Issue 42 – March 2010

Non-Fiction

Future Brains: Neuroscience Fiction versus Neuroscience Fantasy

Science fiction has had brains on the brain at least since Dr. Frankenstein installed one in his monster. Over the years science fiction has depicted technologies like mind control (in Star Trek, for example), instant learning (The Matrix), telepathy (Robert Heinlein’s Time for the Stars), and transferring memories and skills (The Dollhouse). While some of these technologies may eventually prove to be possible, others are extremely unlikely to ever work based on what we now know about the brain—because our own minds are much stranger territory than we ever used to imagine they were.

Downloading Memories, Viewing Memories and Total Recall

The common assumption about how memory works is that it’s like a video camera. This shows up in science fiction accounts of retrieved memories as well as in our legal system (“tell the court exactly what happened. Was the man you saw wearing a green tie?”). According to the video camera analogy, we store every detail of everything we perceive, and when we want to use the memories, we replay them on a mental screen.
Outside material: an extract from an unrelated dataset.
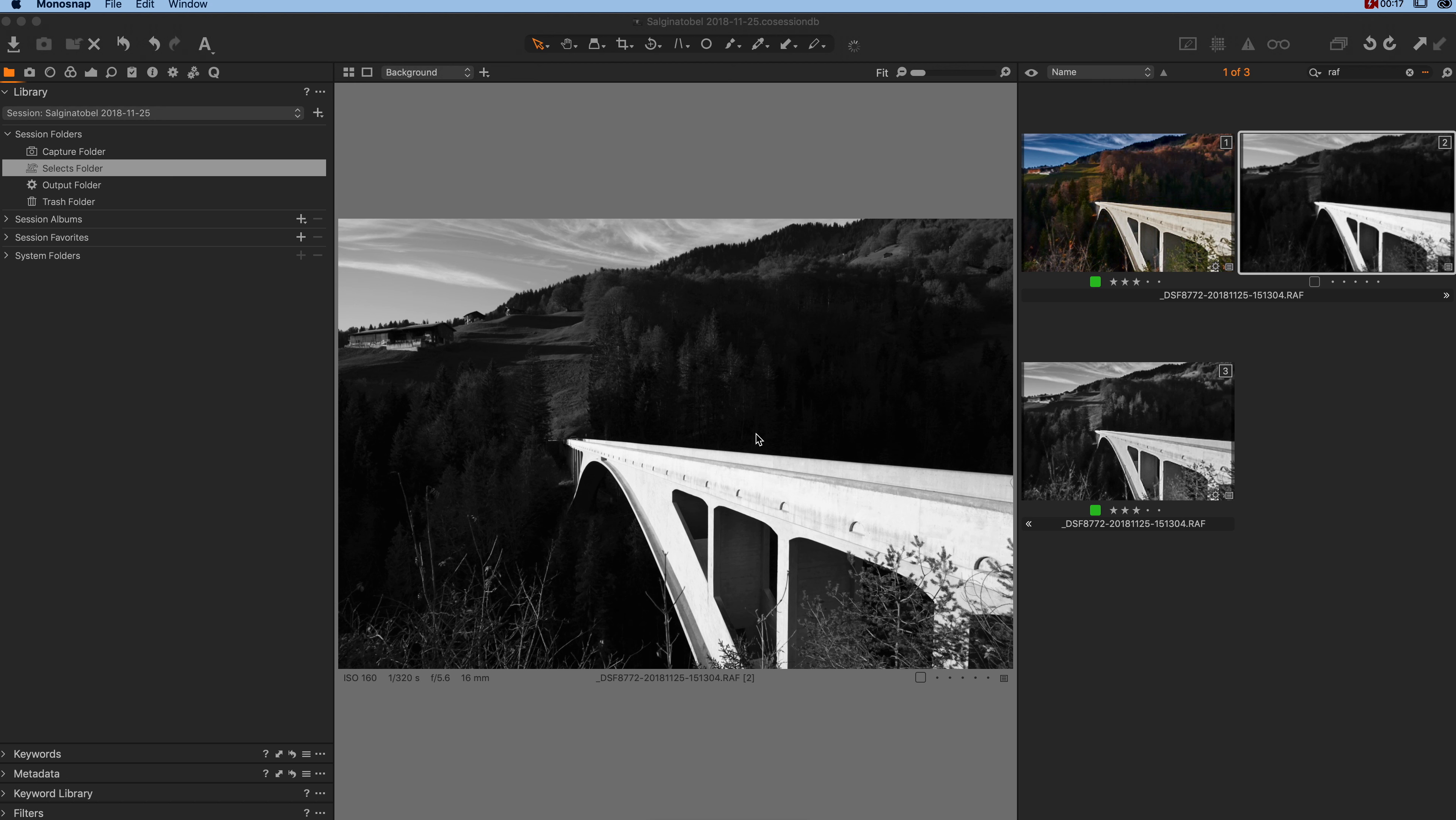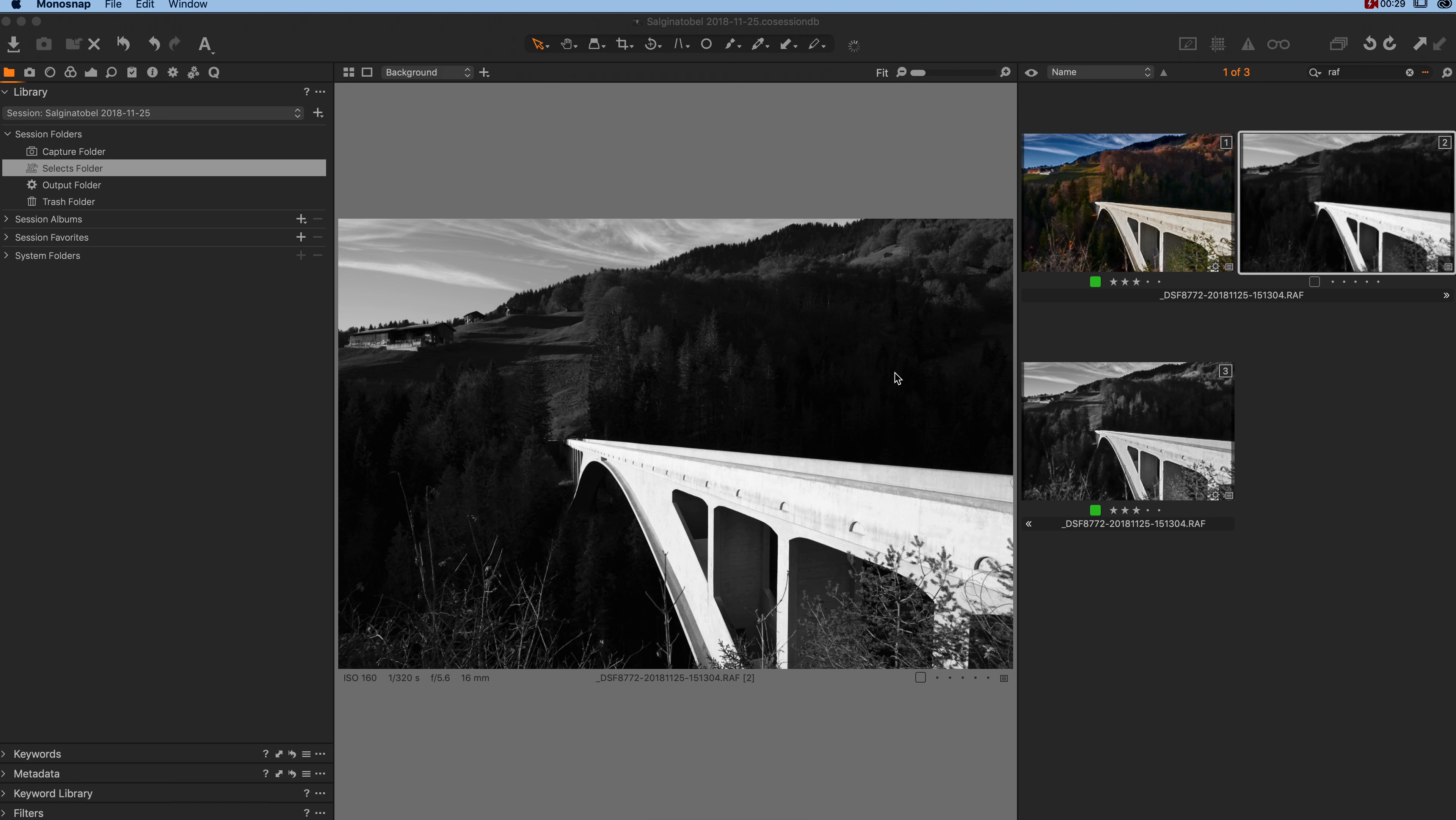So after import, Capture One shows you the image like the camera has been set to during the shoot, in this case A-Cross. If you want to display the image in one of the other Fujifilm profiles,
If this idea is accurate, it seems reasonable that someday we might be able to transfer memories from people’s heads onto digital media. We could also access any detail of anything that has ever happened to someone just by looking at the right spot in the person’s memory.


Photo: Center for Research into Biological Systems, UCSD

However, as research has revealed in recent years, our memories don’t work like video cameras at all. Instead, our brains identify the most novel or important elements of what we perceive and store those elements in locations scattered throughout the brain, while everything else is discarded. Even a momentary image we retain isn’t stored as one piece. In his book Brain Rules, developmental molecular biologist John Medina says: “If you look at a complex picture, for example, your brain immediately extracts the diagonal lines from the vertical lines and stores them in separate areas. Same with color. If the picture is moving, the fact of its motion will be extracted and stored in a place separate than if the picture were static.”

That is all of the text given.